### WHAT IS NEEDED
Return only the stretch of the material below that begins with the line containing "service included5019804668410 02t" and ends with the line containing "Pre-owned Cinq À Sept Printed Blazer In Pink", exactly; both of those lines belong to it.

### SUPPLIED DATA
*** Begin section ***
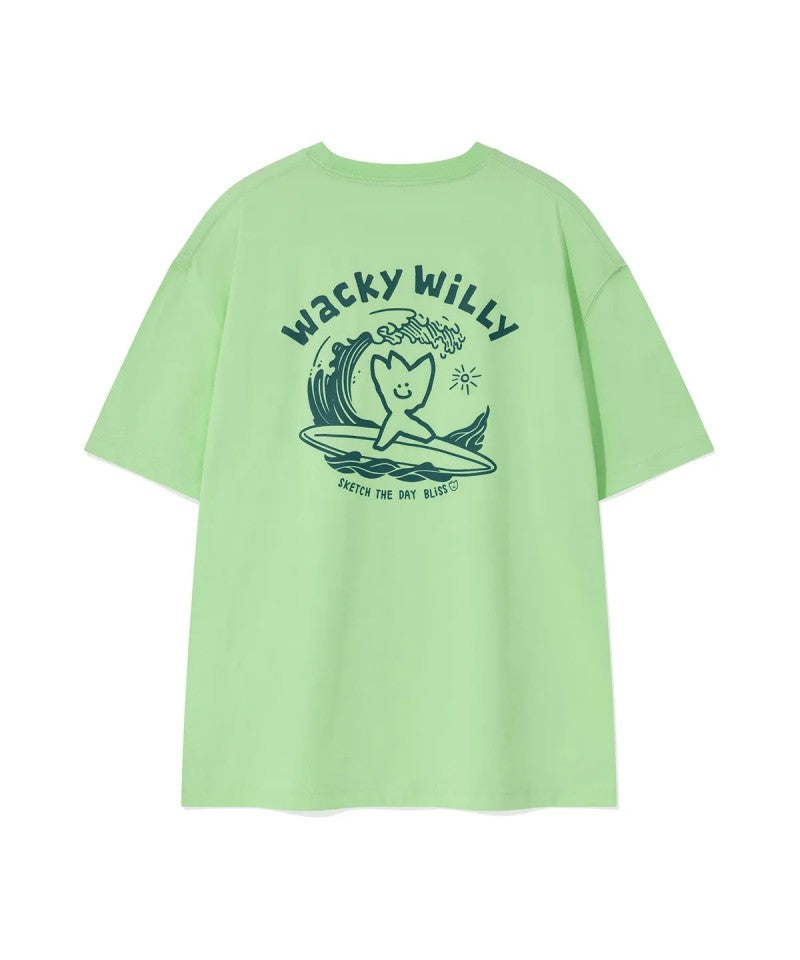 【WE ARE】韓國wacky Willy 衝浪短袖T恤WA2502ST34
*** End section ***
*** Begin section ***
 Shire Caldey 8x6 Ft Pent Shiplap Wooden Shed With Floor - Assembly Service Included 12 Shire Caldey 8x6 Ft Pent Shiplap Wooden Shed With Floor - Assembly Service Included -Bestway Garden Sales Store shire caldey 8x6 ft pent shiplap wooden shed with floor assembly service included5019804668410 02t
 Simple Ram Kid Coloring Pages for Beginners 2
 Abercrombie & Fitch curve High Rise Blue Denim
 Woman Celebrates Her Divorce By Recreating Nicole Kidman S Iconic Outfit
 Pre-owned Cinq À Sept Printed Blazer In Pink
*** End section ***
### SOLUTION TO THE PROBLEM
 Shire Caldey 8x6 Ft Pent Shiplap Wooden Shed With Floor - Assembly Service Included 12 Shire Caldey 8x6 Ft Pent Shiplap Wooden Shed With Floor - Assembly Service Included -Bestway Garden Sales Store shire caldey 8x6 ft pent shiplap wooden shed with floor assembly service included5019804668410 02t
 Simple Ram Kid Coloring Pages for Beginners 2
 Abercrombie & Fitch curve High Rise Blue Denim
 Woman Celebrates Her Divorce By Recreating Nicole Kidman S Iconic Outfit
 Pre-owned Cinq À Sept Printed Blazer In Pink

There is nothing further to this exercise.